Le jazz soufi de Mounir Troudi à Saïda, Beyrouth et Tripoli

Pour ses 10 ans et sa nouvelle saison, Station Beirut s’offre une parenthèse de jazz soufi avec le trio de Mounir Troudi.

Le jazz soufi de Mounir Troudi à Saïda, Beyrouth et Tripoli

Mounir Troudi et son Sufi Jazz Trio donnent le coup d’envoi décalé de cette saison d’hiver à Station Beirut. Photo DR

S’il est un domaine au Liban où la résurrection est récurrente, c’est bien la culture, où les protagonistes ne baissent jamais les bras, peu importe l’ampleur de l’adversité. Mieux encore : cette adversité semble, à chaque épisode ardu, stimuler tous les acteurs de la scène à reprendre du poil de la bête.

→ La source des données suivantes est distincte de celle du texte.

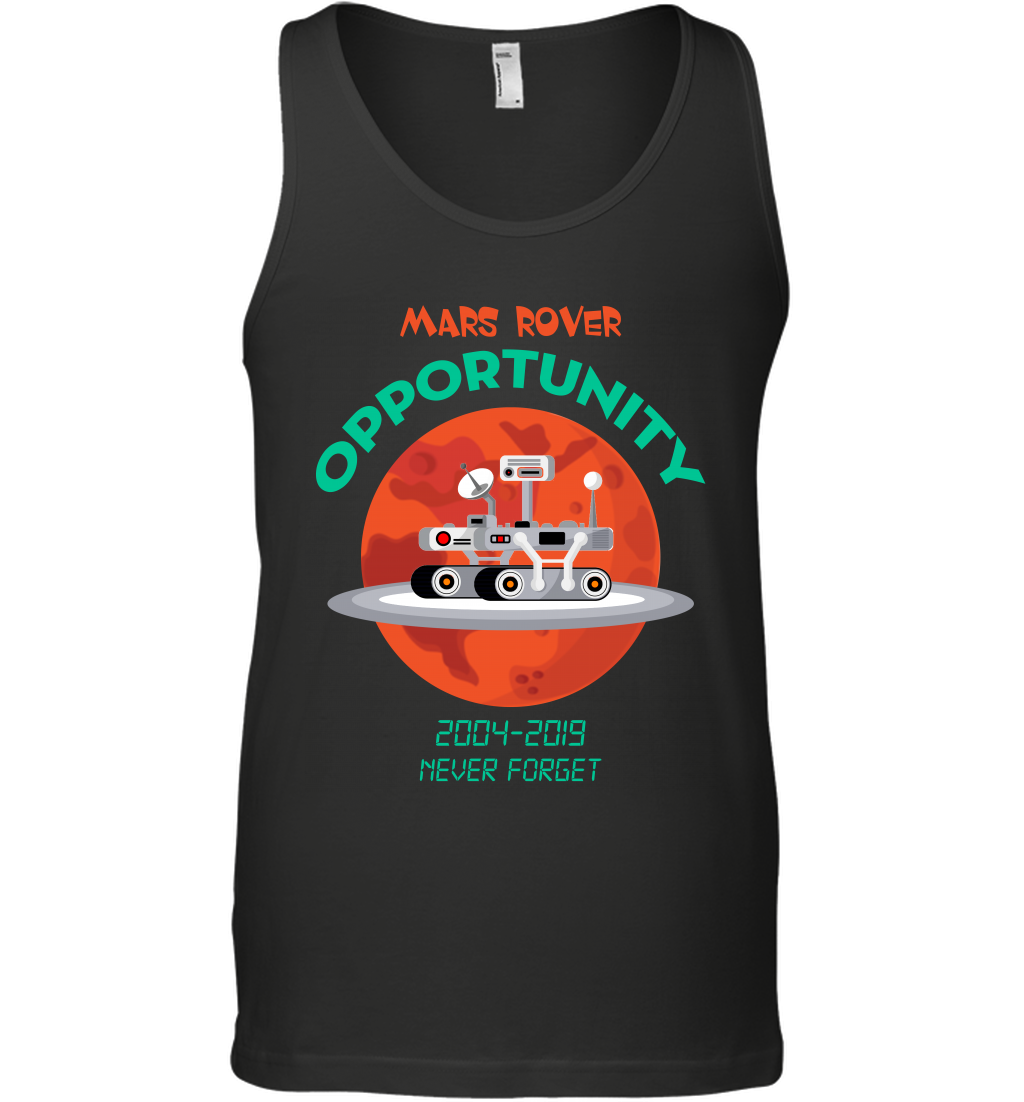 Mars Rover Opportunity Never Forget Shirt Tank Top Tank Top Black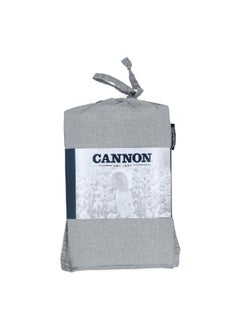 Cannon 2-Piece Stone Washed Premium Cotton Pillow Case Set Dark Grey 3 x 15 x 23 cm CN PCQ2PCSW-DGRD  - Image 1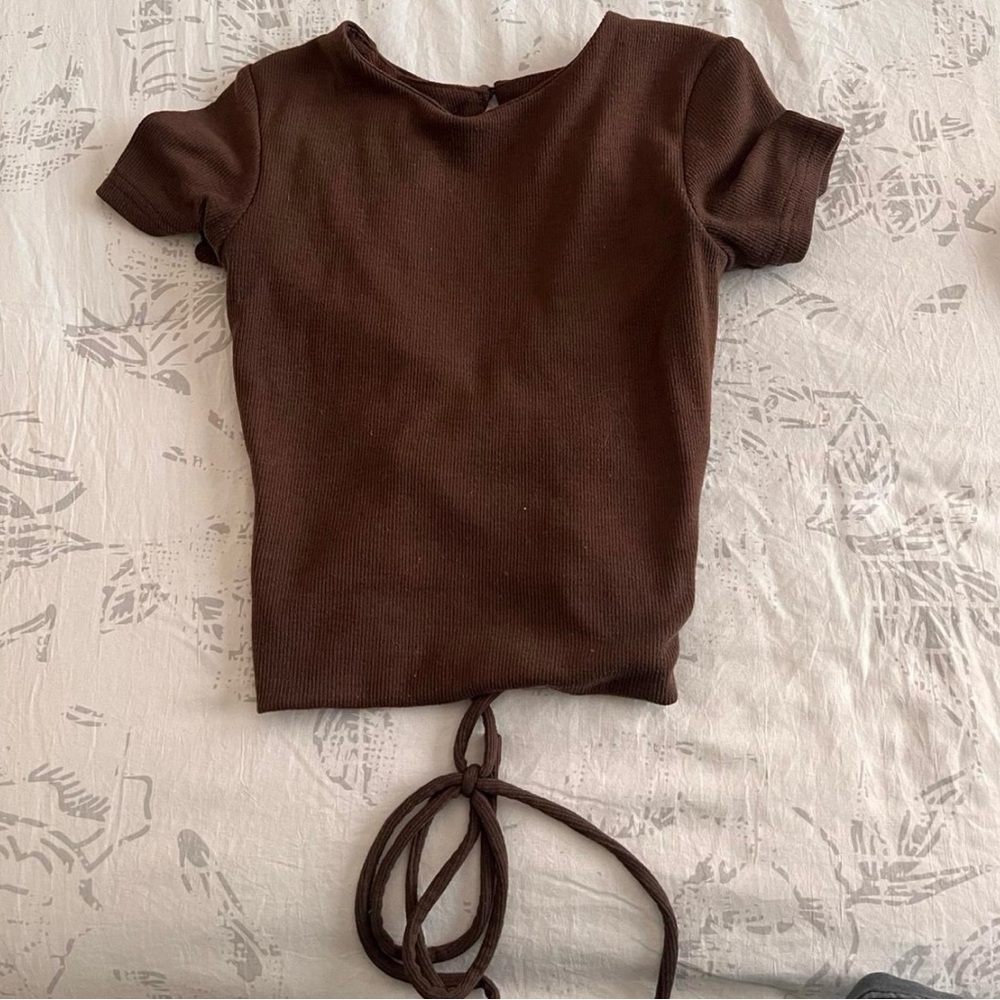 Fashion Nova Chocolate Ribbed Top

C’est le cas de Nabil Canaan qui pilote Station dont c’est le 10e anniversaire. Dernière entrave en date : les événements du 7 octobre 2023 qui ont empêché le trio du chanteur tunisien Mounir Troudi de se produire à Beyrouth sur les dates retenues. Initialement prévue pour novembre 2023, la tournée au Liban organisée par la plateforme de Station, Shuruq Music, a été ajournée a priori, sine die, mais c’était sans compter avec la volonté et l’engagement de cet artiste pour qui le jazz soufi respire, au-delà de sa transcendance, une sorte de joie apaisante. Mounir Troudi était déterminé à ce que ni le froid ni la situation qui prévalent dans la région ne puissent avoir raison de ce rendez-vous avec son public levantin.

Mounir Troudi et son Sufi Jazz Trio donnent donc le coup d’envoi décalé de cette saison d’hiver à Station Beirut avec un répertoire qui reflète cette musique mystique, à la croisée de l’électro jazz et des influences bédouines, qui pour lui sont l’authentique musique tunisienne, celle qui régnait avant que les beys n’imposent leurs soirées orientales.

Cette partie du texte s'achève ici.